US 12,223,424 B2
	Method for differentiable architecture search based on a hierarchical grouping mechanism
Jiancheng Lv, Chengdu (CN); Chuan Liu, Chengdu (CN); Qing Ye, Chengdu (CN); Yanan Sun, Chengdu (CN); and Zhenan He, Chengdu (CN)
Assigned to Sichuan University, Chengdu (CN)
Filed by Sichuan University, Chengdu (CN)
Filed on Jan. 18, 2021, as Appl. No. 17/151,222.
Claims priority of application No. 202010055469.0 (CN), filed on Jan. 17, 2020.
Prior Publication US 2021/0224650 A1, Jul. 22, 2021
Int. Cl. G06N 3/08 (2023.01); G06F 16/901 (2019.01); G06F 16/906 (2019.01)

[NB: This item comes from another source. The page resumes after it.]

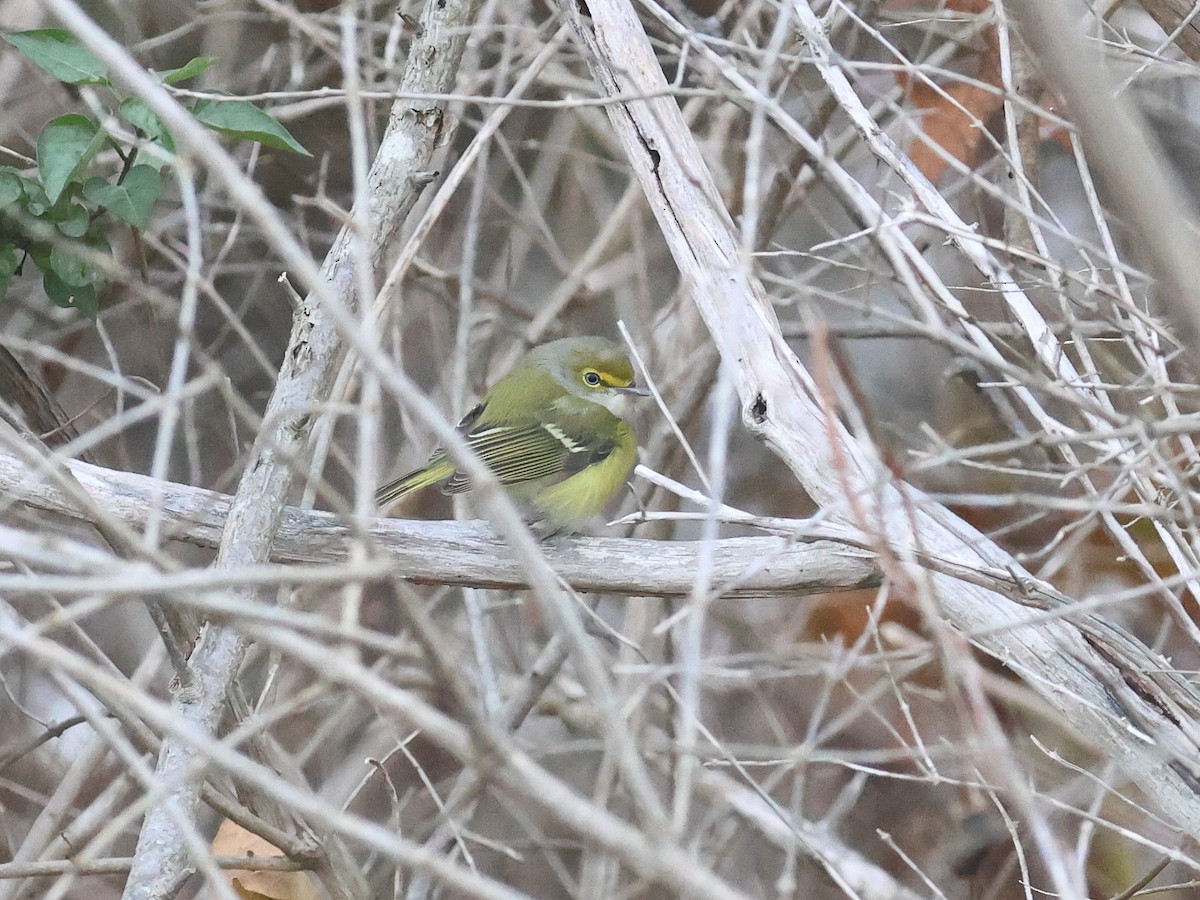 White-eyed Vireo - ML645068679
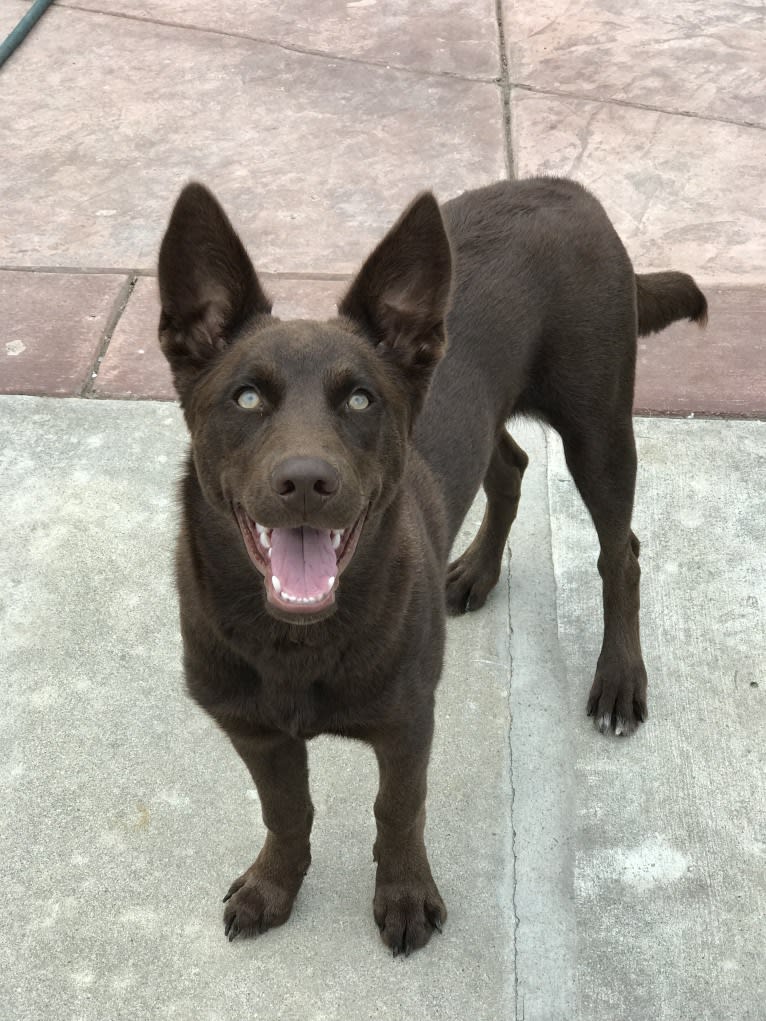 Hennessy, a Siberian Husky and Weimaraner mix tested with EmbarkVet.com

CPC G06N 3/08 (2013.01) [G06F 16/9024 (2019.01); G06F 16/9027 (2019.01); G06F 16/906 (2019.01)]

8 Claims

1. A method for a differentiable architecture search based on a hierarchical grouping mechanism, comprising:

S1: obtaining a target dataset to be subjected to a network architecture search;

S2: selecting a set number of normal cells and two reduction cells, wherein operations of each cell of the set number of normal cells and the two reduction cells form a directed acyclic graph; enabling the two reduction cells to be located at positions numbered by rounding down ⅓ and ⅔ of the set number of normal cells and the two reduction cells, respectively, and then concatenating the set number of normal cells and the two reduction cells to form an initial search network; wherein

edges of the directed acyclic graph of each cell of the normal cells and the two reduction cells are formed by mixing a plurality of inter-group operations, and each inter-group operation of the plurality of inter-group operations is formed by mixing a plurality of intra-group operations;

the plurality of inter-group operations comprise zero operations, a separable convolution group, a dilated convolution group, skip-connect, and a pooling group; and

the plurality of intra-group operations comprise convolutions and pooling:

S3: using training samples in the target dataset as an input of the initial search network, training the initial search network to optimize a cost function to complete a one-level search, wherein, control weight parameters are shared by the plurality of inter-group operations and are shared by the plurality of intra-group operations among the set number of normal cells and the two reduction cells; and obtaining normal cells and reduction cells based on the one-level search;

step S3 further comprising the initial search network of the one-level search is trained, sorting the control weight parameters of the plurality of inter-group operations in the each cell in descending order; for each node in the directed acyclic graph, retaining top two inter-group operations from different nodes among non-zero inter-group operations connected to previous nodes; sorting the control weight parameters of intra-group operations of the top two inter-group operations retained for the each cell in descending order, and retaining an intra-group operation with a largest control weight parameter among the plurality of inter-group operations;

S4: constructing a target network using the normal cells and the reduction cells obtained from the one-level searchby the following steps:

S42: constructing the target network with a number of the normal cells and the reduction cells of the target network using the normal cells and the reduction cells obtained from the one-level search;

S3: using training samples in the target dataset as an input of the initial search network, training the initial search network to optimize a cost function to complete a two-level search, wherein, the control weight parameters are shared by the plurality of inter-group operations and are not shared by the plurality of intra-group operations among the set number of normal cells and the two reduction cells, obtaining normal cells and reduction cells based on the two-level search; and

S4: constructing a target network using the normal cells and the reduction cells obtained from the two-level search by the following steps:

S41: constructing a training network in a form of the target network by using the normal cells and the reduction cells obtained from the two-level search according to the target dataset, iteratively training the initial search network until a preset number of iterations is reached to obtain an order of the control weight parameters of the plurality of intra-group operations of the each cell, and deleting an intra-group operation corresponding to a smallest control weight parameter to obtain the target network.